It’s been 50 years since Maoist China inflicted a humiliating military defeat on Nehruvian India in the mountain border areas of the Aksai Chin and what is today called Arunachal Pradesh. India’s strategic community has already begun quiet dissections of the war. The Indian political class is too focused on the crumbling Manmohan Singh government to care.

Much of the Indian debate is about the poverty of the Indian response. This includes Nehru’s naivete about the conduct of dispute diplomacy. It is not that Nehru trusted China, but that he got it into his head that a military response had somehow been ruled out. He was little helped by the likes of Krishna Menon (why does A.K. Anthony remind me of him?) who believed only Western imperialism was a threat.
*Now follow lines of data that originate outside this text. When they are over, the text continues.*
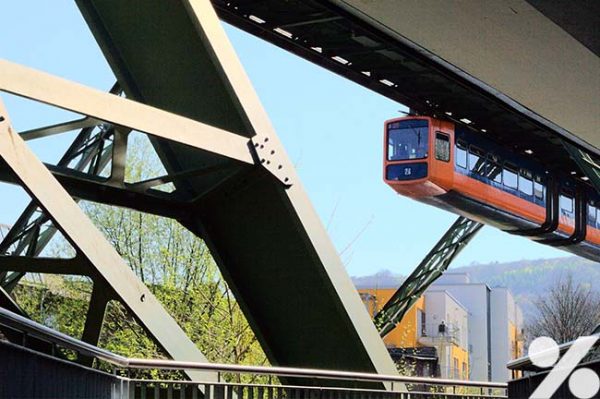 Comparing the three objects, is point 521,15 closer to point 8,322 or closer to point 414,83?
point 8,322

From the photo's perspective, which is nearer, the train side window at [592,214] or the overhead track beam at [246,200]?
the overhead track beam at [246,200]

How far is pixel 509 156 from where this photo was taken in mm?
27844

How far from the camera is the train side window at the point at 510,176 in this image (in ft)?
89.1

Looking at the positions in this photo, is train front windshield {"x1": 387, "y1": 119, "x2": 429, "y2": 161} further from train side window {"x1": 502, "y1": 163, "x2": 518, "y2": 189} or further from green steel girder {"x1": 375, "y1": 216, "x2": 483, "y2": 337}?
green steel girder {"x1": 375, "y1": 216, "x2": 483, "y2": 337}

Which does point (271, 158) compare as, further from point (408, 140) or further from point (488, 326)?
point (488, 326)

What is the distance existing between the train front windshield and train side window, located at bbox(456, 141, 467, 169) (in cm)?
133

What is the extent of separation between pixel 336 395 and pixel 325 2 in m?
3.71

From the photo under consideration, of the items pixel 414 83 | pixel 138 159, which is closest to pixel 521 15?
pixel 414 83

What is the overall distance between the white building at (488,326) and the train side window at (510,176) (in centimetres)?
4698

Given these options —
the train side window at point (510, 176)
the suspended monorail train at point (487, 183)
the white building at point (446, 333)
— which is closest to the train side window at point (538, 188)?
the suspended monorail train at point (487, 183)

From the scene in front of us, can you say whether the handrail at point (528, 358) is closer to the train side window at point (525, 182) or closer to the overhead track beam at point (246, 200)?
the overhead track beam at point (246, 200)

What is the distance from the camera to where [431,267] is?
1276 inches

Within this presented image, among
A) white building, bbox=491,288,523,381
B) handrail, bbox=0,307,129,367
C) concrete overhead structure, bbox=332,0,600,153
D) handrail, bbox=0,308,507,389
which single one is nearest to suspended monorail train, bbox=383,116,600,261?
handrail, bbox=0,308,507,389

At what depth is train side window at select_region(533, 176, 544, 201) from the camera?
28406mm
There is also no dearth of Indian accounts of the mess that underinvestment in military everything, politicized appointments and so on had made of the soldiery.

What continues to interest me is why did Mao Zedong feel the need to authorize such a huge military response to Indian incursions which while provocative were hardly threatening.
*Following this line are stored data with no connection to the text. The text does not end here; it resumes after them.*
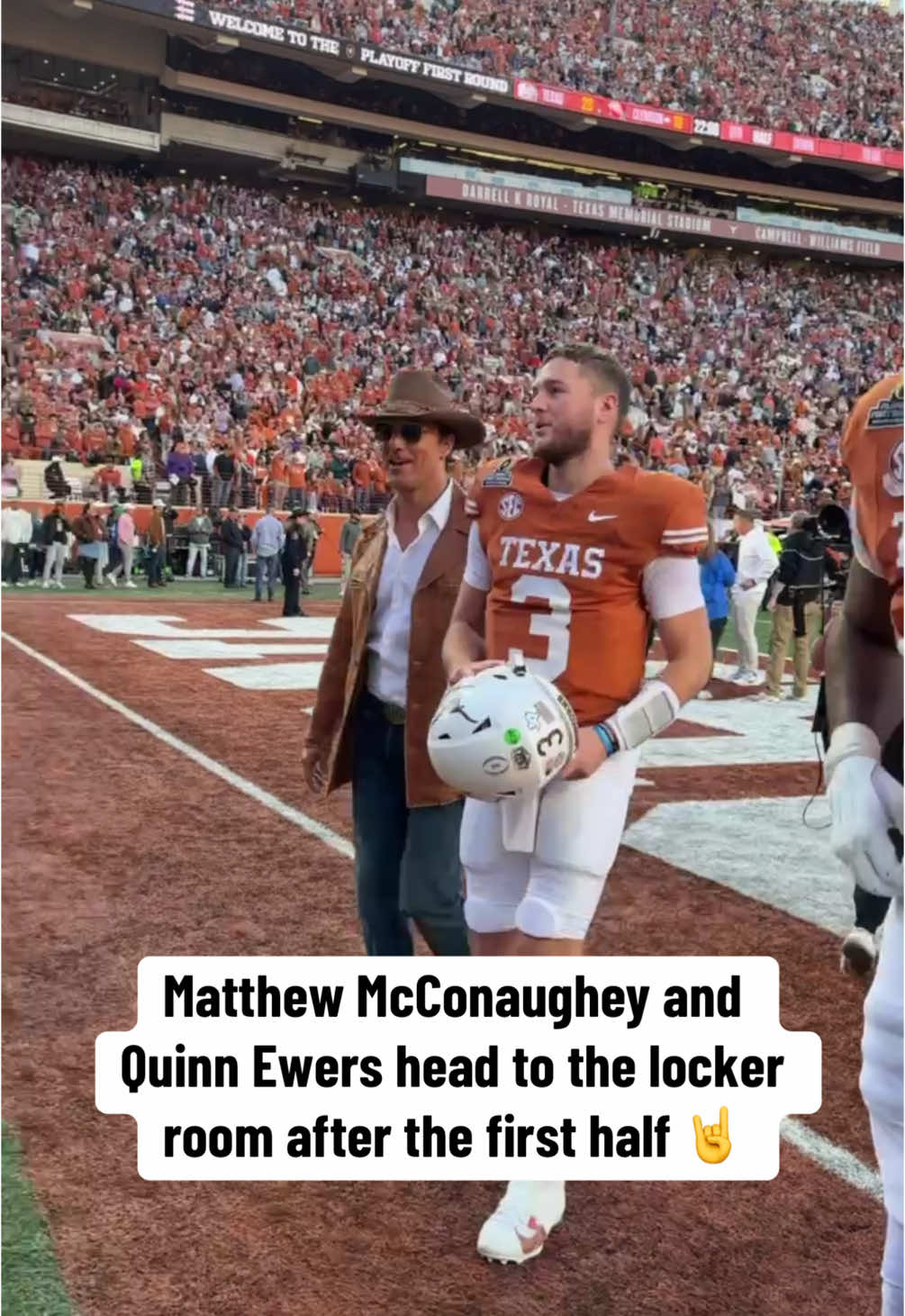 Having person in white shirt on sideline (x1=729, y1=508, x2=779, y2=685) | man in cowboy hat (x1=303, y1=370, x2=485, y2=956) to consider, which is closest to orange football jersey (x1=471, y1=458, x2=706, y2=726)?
man in cowboy hat (x1=303, y1=370, x2=485, y2=956)

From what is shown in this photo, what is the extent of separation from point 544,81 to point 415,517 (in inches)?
1500

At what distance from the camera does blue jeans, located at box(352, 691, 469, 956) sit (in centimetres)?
333

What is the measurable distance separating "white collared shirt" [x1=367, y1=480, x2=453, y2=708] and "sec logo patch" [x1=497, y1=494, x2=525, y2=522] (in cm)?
49

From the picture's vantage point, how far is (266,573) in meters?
19.0

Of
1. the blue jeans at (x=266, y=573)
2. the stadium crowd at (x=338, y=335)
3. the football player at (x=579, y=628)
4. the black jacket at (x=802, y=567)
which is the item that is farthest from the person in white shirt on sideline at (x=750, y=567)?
the stadium crowd at (x=338, y=335)

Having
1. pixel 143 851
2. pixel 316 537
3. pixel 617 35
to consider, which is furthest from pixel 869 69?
pixel 143 851

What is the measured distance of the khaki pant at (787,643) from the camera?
10945 millimetres

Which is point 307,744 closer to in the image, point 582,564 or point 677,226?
point 582,564

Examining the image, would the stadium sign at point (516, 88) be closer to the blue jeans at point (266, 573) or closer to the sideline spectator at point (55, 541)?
the blue jeans at point (266, 573)

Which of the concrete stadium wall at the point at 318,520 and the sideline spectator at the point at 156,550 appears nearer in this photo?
the sideline spectator at the point at 156,550

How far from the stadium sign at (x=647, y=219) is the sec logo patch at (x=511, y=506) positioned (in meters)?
35.8

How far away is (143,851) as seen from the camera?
19.0ft

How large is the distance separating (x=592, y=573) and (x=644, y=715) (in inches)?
13.5

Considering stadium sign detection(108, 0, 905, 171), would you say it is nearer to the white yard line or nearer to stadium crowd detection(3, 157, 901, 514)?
stadium crowd detection(3, 157, 901, 514) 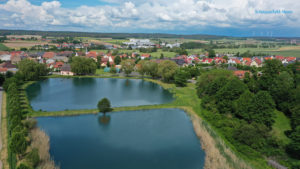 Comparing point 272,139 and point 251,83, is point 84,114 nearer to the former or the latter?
point 272,139

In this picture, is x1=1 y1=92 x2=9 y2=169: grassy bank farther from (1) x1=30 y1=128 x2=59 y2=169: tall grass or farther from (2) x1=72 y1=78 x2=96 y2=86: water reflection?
(2) x1=72 y1=78 x2=96 y2=86: water reflection

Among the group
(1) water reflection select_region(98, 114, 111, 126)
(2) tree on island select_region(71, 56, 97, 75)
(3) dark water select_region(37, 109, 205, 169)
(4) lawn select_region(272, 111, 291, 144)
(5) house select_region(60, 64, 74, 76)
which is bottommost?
(3) dark water select_region(37, 109, 205, 169)

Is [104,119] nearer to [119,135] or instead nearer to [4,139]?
[119,135]

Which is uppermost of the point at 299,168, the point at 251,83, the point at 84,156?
the point at 251,83

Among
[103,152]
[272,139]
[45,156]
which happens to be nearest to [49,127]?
[45,156]

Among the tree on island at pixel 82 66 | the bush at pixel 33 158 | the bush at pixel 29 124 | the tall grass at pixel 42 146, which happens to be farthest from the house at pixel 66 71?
the bush at pixel 33 158

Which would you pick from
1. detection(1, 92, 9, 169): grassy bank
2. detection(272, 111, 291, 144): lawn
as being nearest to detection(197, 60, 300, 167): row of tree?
detection(272, 111, 291, 144): lawn

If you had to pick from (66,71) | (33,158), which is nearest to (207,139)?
(33,158) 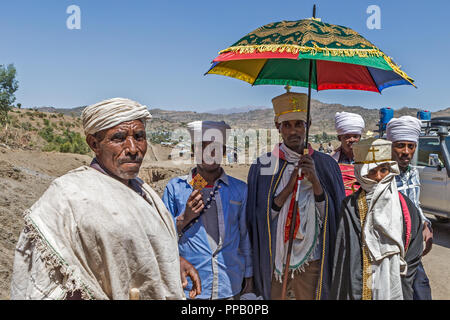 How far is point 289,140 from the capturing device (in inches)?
124

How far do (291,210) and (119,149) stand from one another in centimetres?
156

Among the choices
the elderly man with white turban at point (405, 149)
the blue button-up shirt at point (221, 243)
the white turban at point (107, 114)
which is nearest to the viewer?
the white turban at point (107, 114)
Based on what we have since learnt, whether Chinese memoirs, Beijing leaderships’ conversations with foreigners and other declassified sources, Mao did not see India as a threat by itself. And when he authorized Chinese troops to go on the offensive, he wasn’t even sure his troops would win. If we loose, he told his generals, we have only ourselves to blame.

So what made him take such a risk? Let us count the ways.
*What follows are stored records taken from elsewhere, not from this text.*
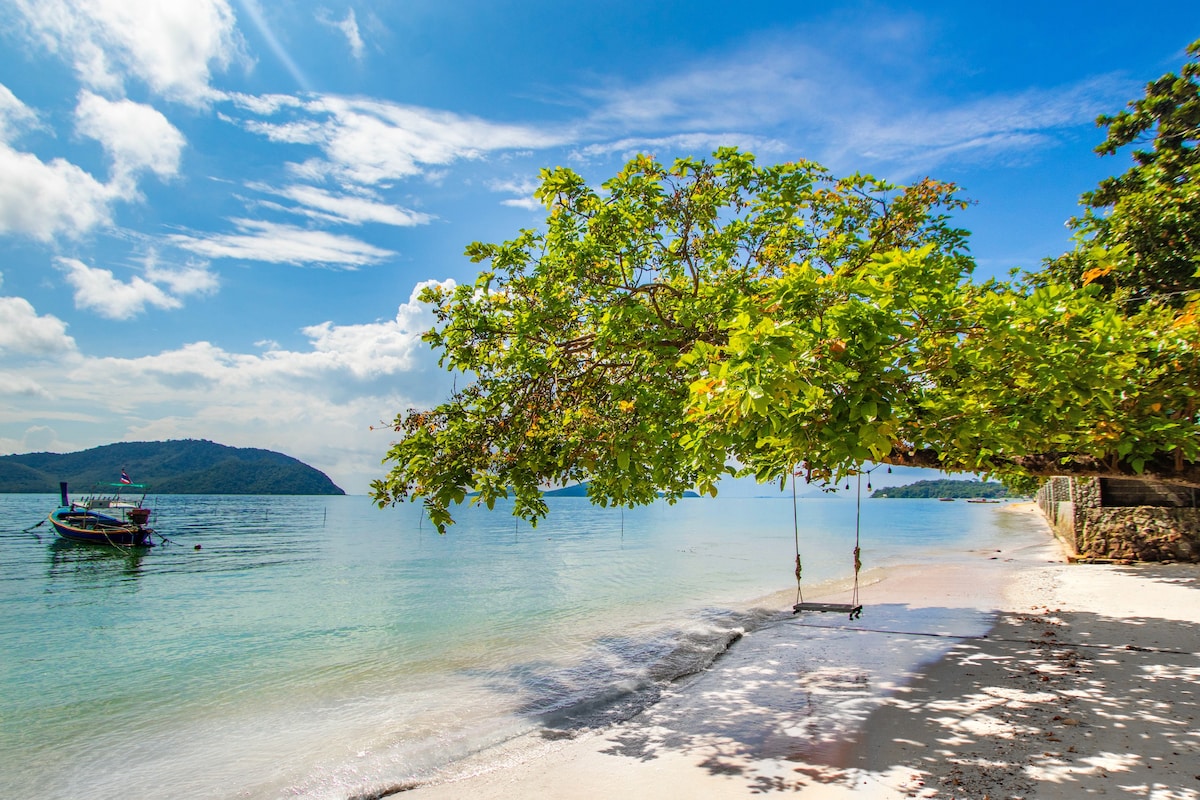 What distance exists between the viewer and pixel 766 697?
8445 mm

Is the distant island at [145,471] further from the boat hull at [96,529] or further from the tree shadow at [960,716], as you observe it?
the tree shadow at [960,716]

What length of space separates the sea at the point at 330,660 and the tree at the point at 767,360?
10.1ft

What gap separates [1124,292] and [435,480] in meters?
13.7

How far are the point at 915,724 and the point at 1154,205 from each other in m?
12.0

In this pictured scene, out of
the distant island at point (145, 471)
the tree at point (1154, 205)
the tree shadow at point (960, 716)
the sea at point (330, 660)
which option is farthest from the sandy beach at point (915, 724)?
the distant island at point (145, 471)

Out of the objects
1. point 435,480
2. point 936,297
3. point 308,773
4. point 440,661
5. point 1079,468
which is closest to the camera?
point 936,297

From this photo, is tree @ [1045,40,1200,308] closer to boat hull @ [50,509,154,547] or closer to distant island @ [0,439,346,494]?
boat hull @ [50,509,154,547]

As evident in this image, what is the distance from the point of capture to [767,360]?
12.6ft

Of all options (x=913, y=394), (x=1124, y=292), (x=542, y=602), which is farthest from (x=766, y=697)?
(x=542, y=602)

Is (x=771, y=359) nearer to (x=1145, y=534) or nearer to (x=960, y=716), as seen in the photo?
(x=960, y=716)

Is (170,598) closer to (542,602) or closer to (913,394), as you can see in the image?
(542,602)

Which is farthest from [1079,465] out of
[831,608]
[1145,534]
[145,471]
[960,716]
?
[145,471]

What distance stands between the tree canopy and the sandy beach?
9.20 ft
One, which Zhou Enlai was to tell the Mongolians, India was getting too close to the West and needed to be taught a lesson. A number of scholars have dug up the Beijing Review articles and People’s Daily editorials in the run up to the war making similar warnings, and there is no doubt that the US and India were drifting together — largely because the democracies shared concerns about China after the conquest of Tibet.

Two, Zhou Enlai also told the Americans that India had become “too cocky” and had to be taken down a notch. This reflects Mao’s concerns that Nehru’s third world leadership ambitions were running interference with his own.

Three, there is evidence Mao wanted to humiliate India to teach the Soviet Union a lesson. Khrushchev had begun wooing India at this point as part of the new Moscow line of “peaceful coexistence”. In 1959, when the first skirmishes broke out, an angry Khrushchev told Beijing to stop undermining Soviet policy and being “irresponsible”.

Four, the international stars were in alignment in 1962. Moscow gave him a green light against India because it was planning the Cuban Missile Crisis. He had got word from the US that it would not support a Taiwan invasion of China — which removed Mao’s fear of a two front war. As were the domestic ones: Mao was reconsolidating by then after the disasters of the Great Leap Forward and other socialist nonsense.

A lot of Beijing’s analysis of India is wrong. The border war didn’t stop India from moving closer to the US. In fact, Nehru called for a military alliance which the US rejected. What stopped India moving westward was the US’s refusal to sign a five year defense cooperation agreement with India after the war. New Delhi went and signed it with Moscow instead. China seemed oblivious to how its own actions in Tibet had led India to tilt against it. Zhou told the Mongolians that Pakistan had been ready to give away Kashmir to India if it hadn’t been for China’s trouncing of India — something that will surprise any South Asian.

Sadly, Chinese knowledge of India is only marginally better today. And Indian understanding of China is about the same.